▶ **The task**
The answer is to consist only of an exact retyping of the lines from the one containing "O impacto do" to the end of the entries, without pictures.

▶ **Dataset extract**
========================================================================
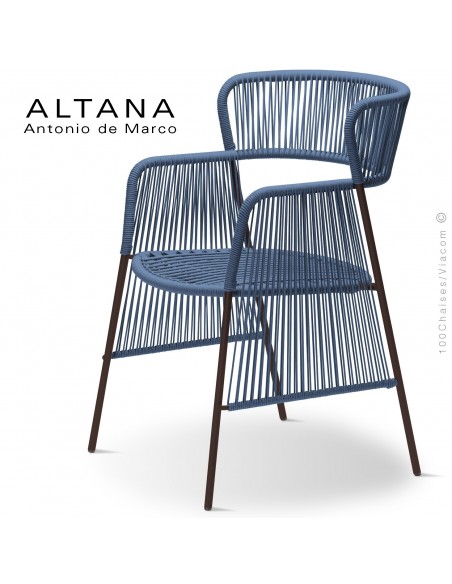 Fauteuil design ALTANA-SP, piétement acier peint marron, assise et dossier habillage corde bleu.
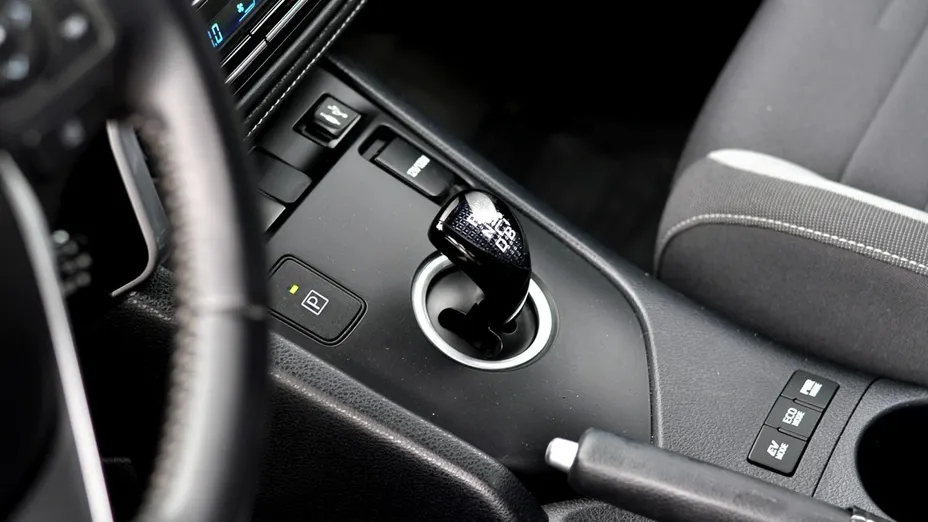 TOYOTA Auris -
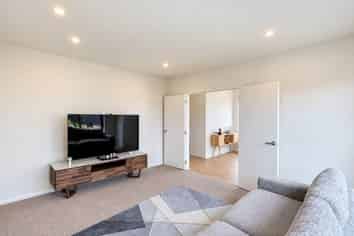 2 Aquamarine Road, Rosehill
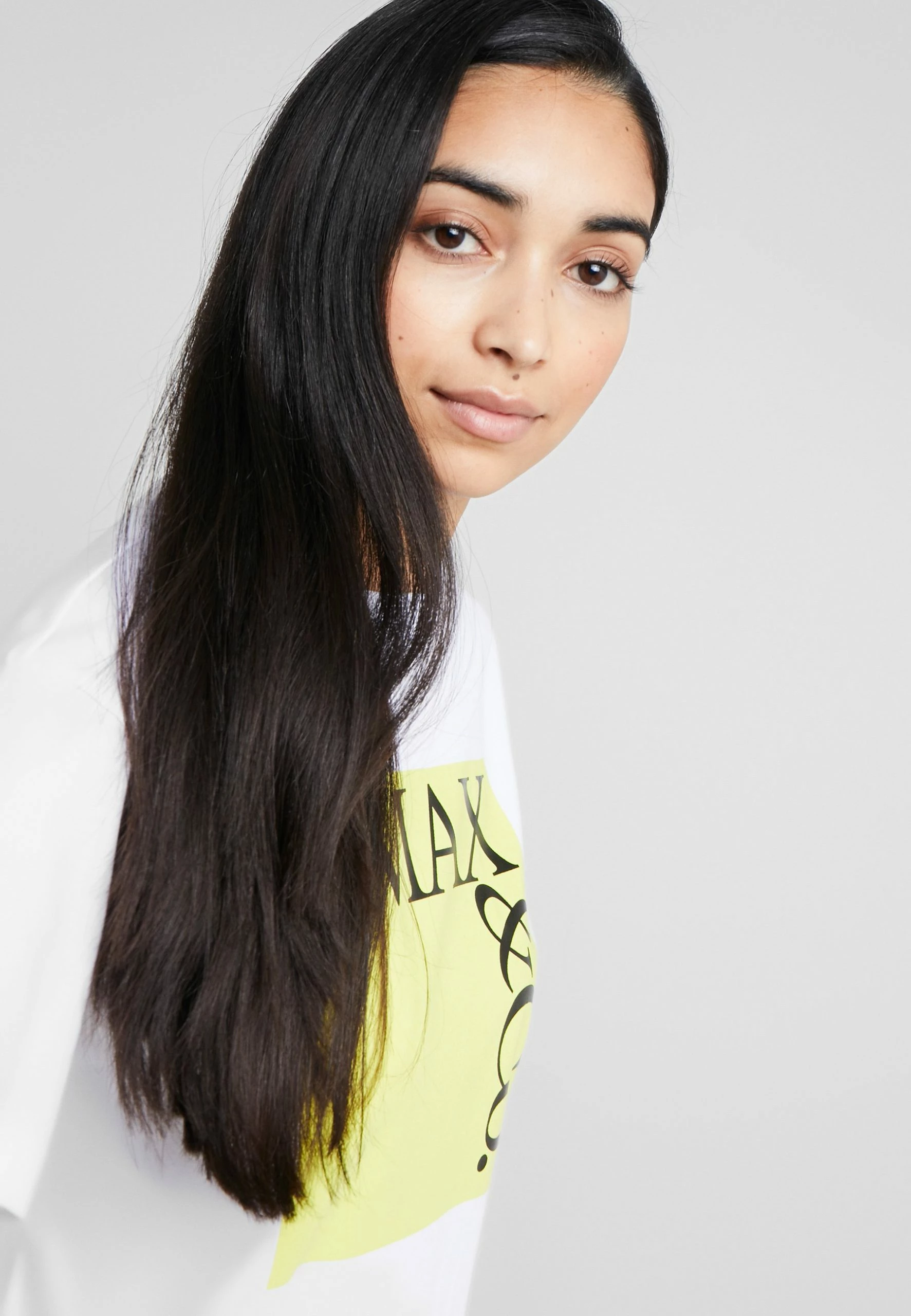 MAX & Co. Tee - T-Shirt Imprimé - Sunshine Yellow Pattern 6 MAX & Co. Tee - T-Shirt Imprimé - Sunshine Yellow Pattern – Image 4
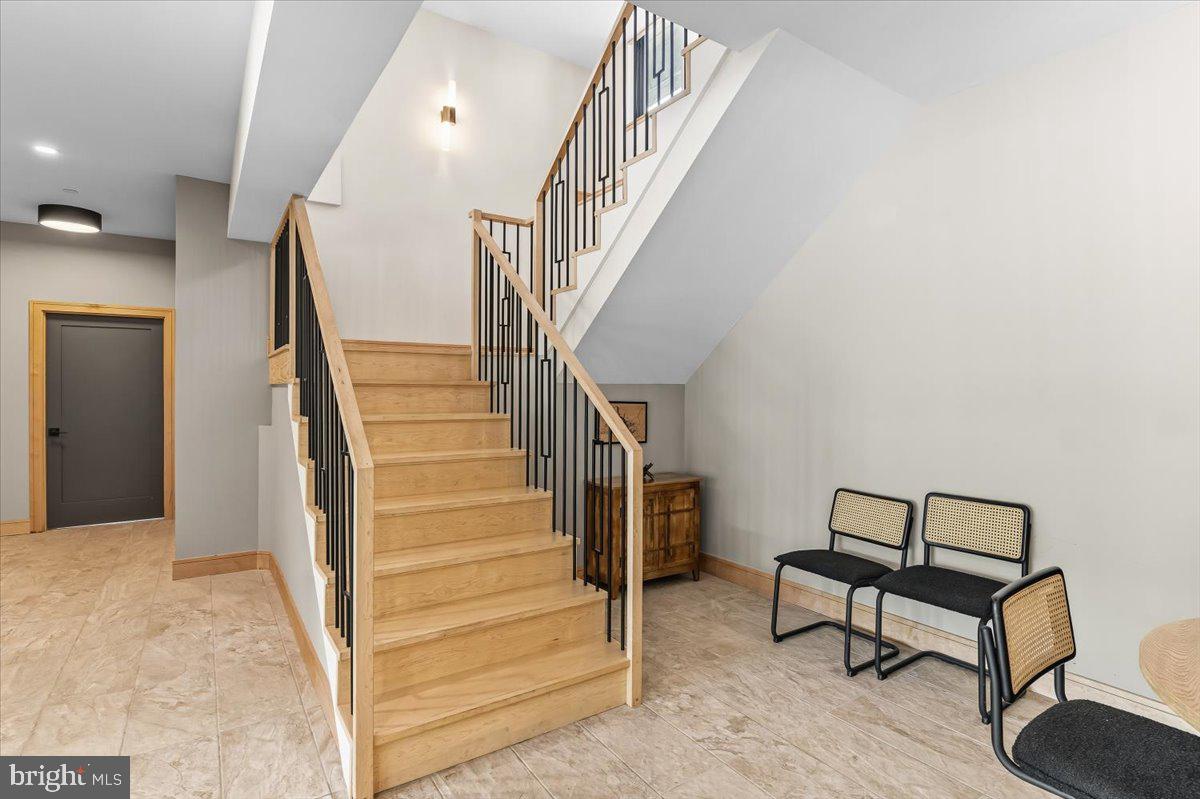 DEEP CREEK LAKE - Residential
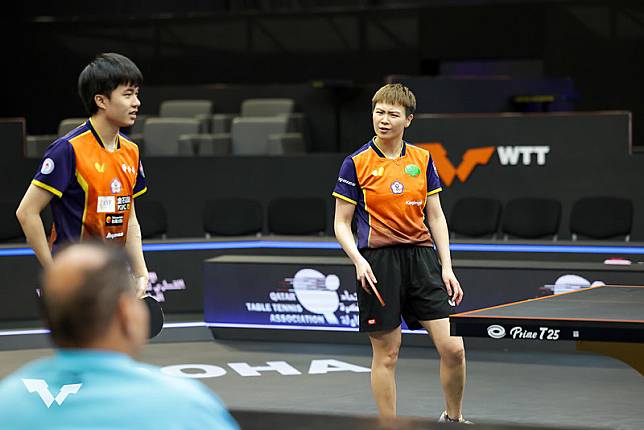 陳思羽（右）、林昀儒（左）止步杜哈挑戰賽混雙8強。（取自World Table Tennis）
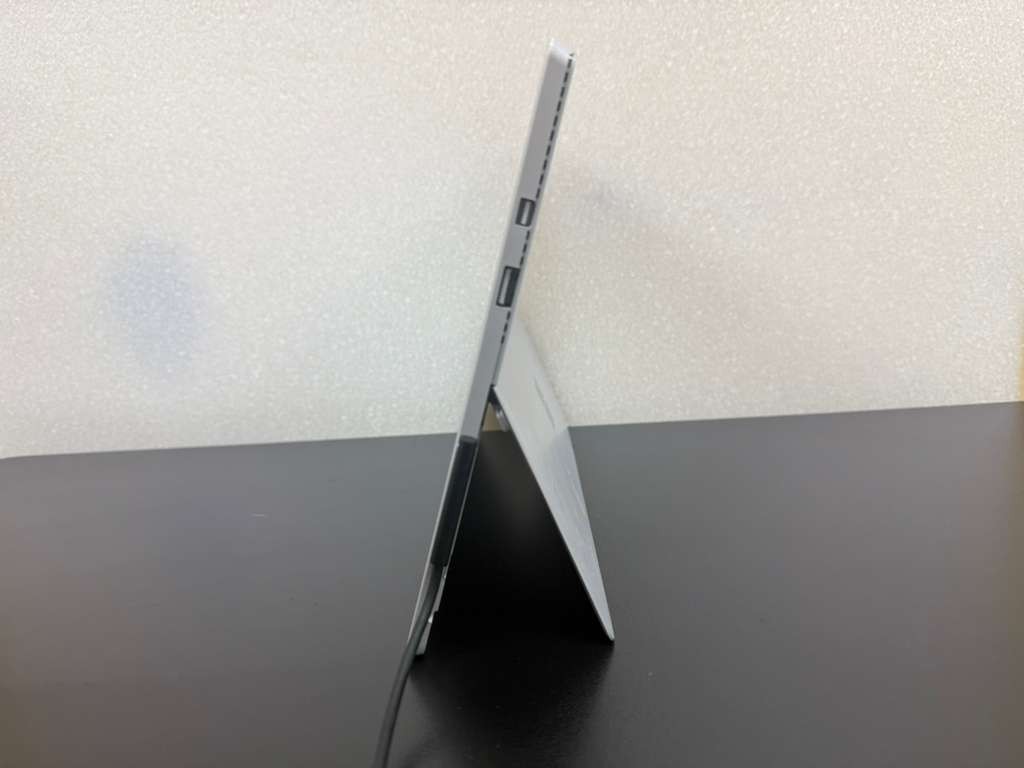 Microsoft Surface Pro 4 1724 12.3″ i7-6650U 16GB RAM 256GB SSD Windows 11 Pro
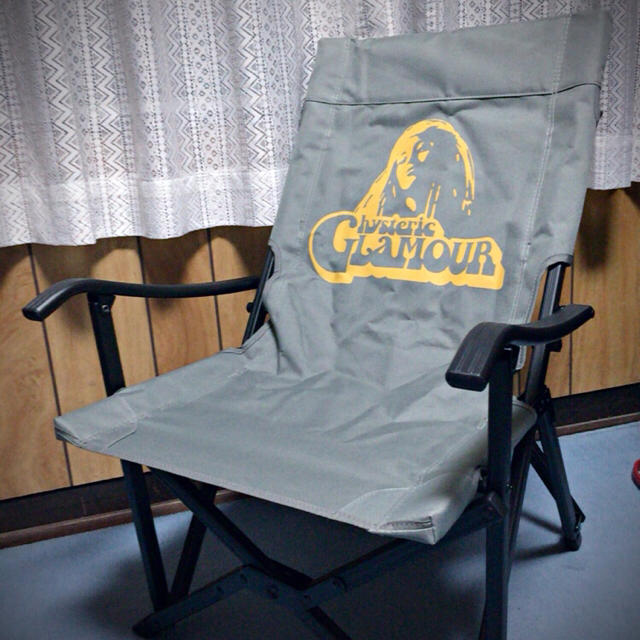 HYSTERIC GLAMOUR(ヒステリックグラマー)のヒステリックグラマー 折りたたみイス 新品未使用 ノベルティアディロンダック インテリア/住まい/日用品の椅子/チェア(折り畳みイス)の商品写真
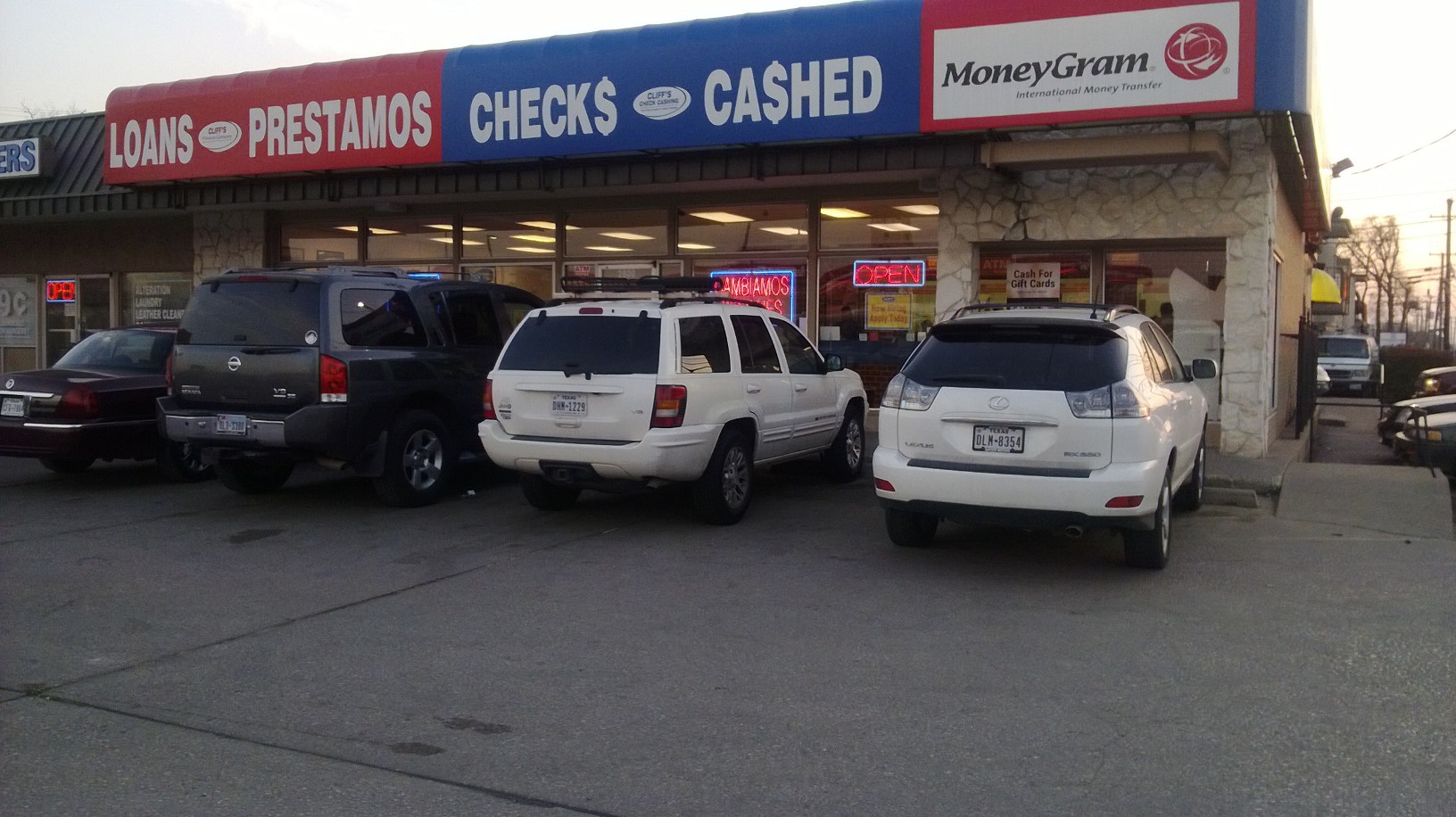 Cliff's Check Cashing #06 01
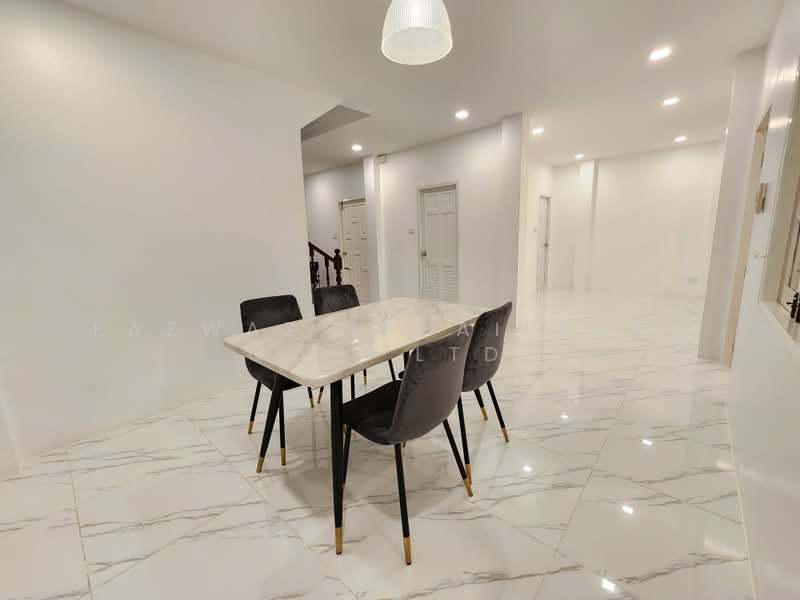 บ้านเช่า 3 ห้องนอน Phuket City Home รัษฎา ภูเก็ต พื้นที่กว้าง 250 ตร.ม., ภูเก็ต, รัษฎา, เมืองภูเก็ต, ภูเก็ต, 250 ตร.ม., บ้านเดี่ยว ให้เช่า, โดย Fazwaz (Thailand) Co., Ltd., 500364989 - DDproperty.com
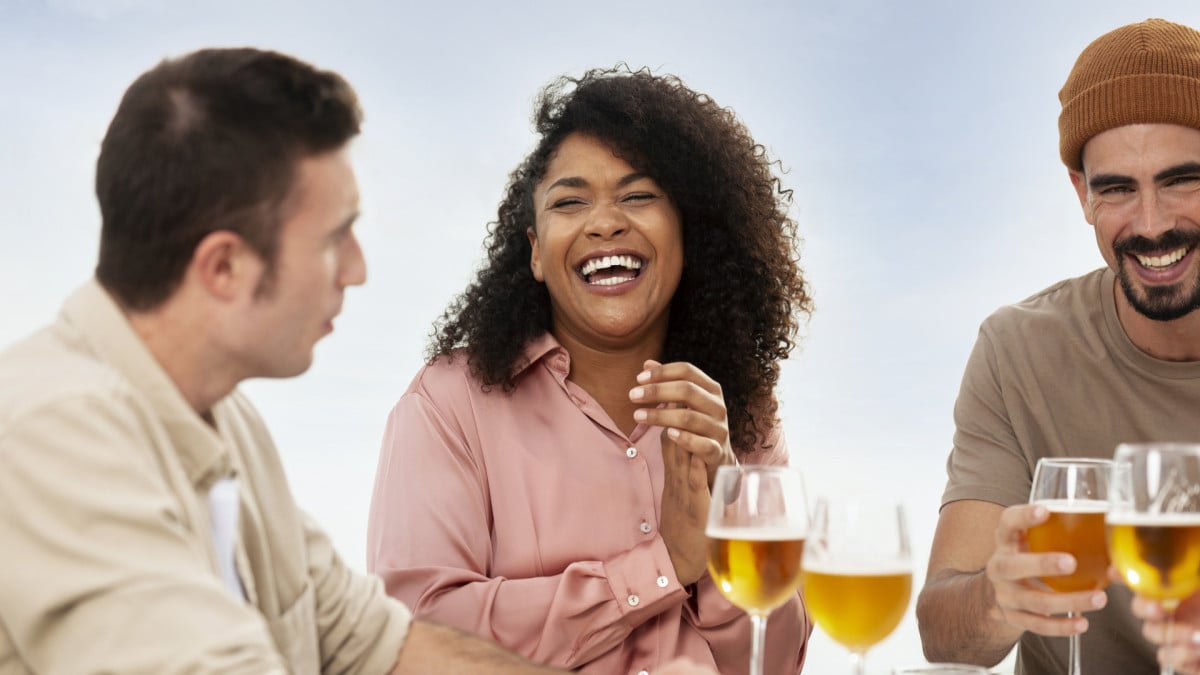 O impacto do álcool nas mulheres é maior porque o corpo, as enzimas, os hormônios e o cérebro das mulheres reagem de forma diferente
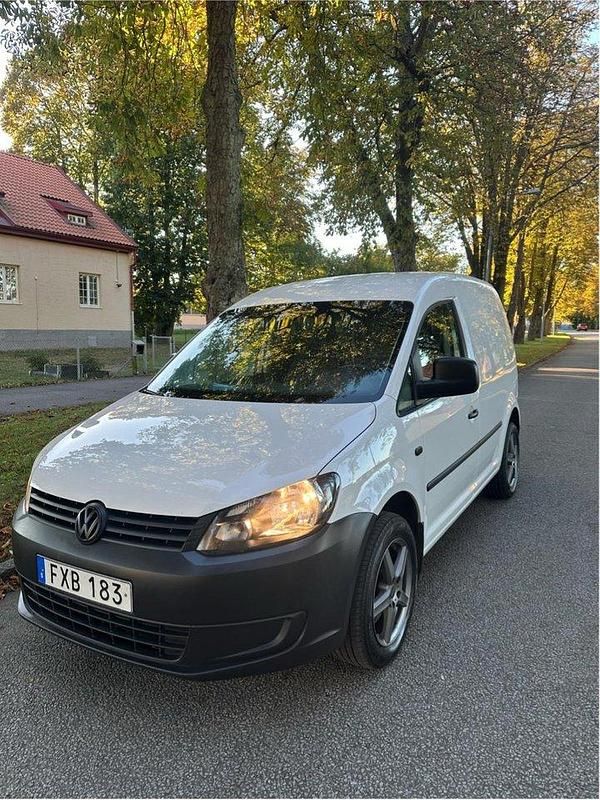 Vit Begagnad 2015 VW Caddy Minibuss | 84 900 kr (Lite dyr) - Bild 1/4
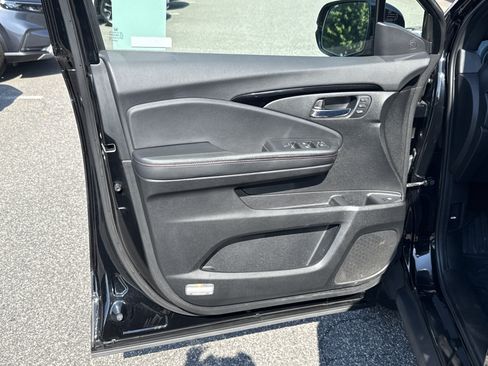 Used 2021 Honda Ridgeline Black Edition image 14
========================================================================
▶ **Solved problem**
 O impacto do álcool nas mulheres é maior porque o corpo, as enzimas, os hormônios e o cérebro das mulheres reagem de forma diferente
 Vit Begagnad 2015 VW Caddy Minibuss | 84 900 kr (Lite dyr) - Bild 1/4
 Used 2021 Honda Ridgeline Black Edition image 14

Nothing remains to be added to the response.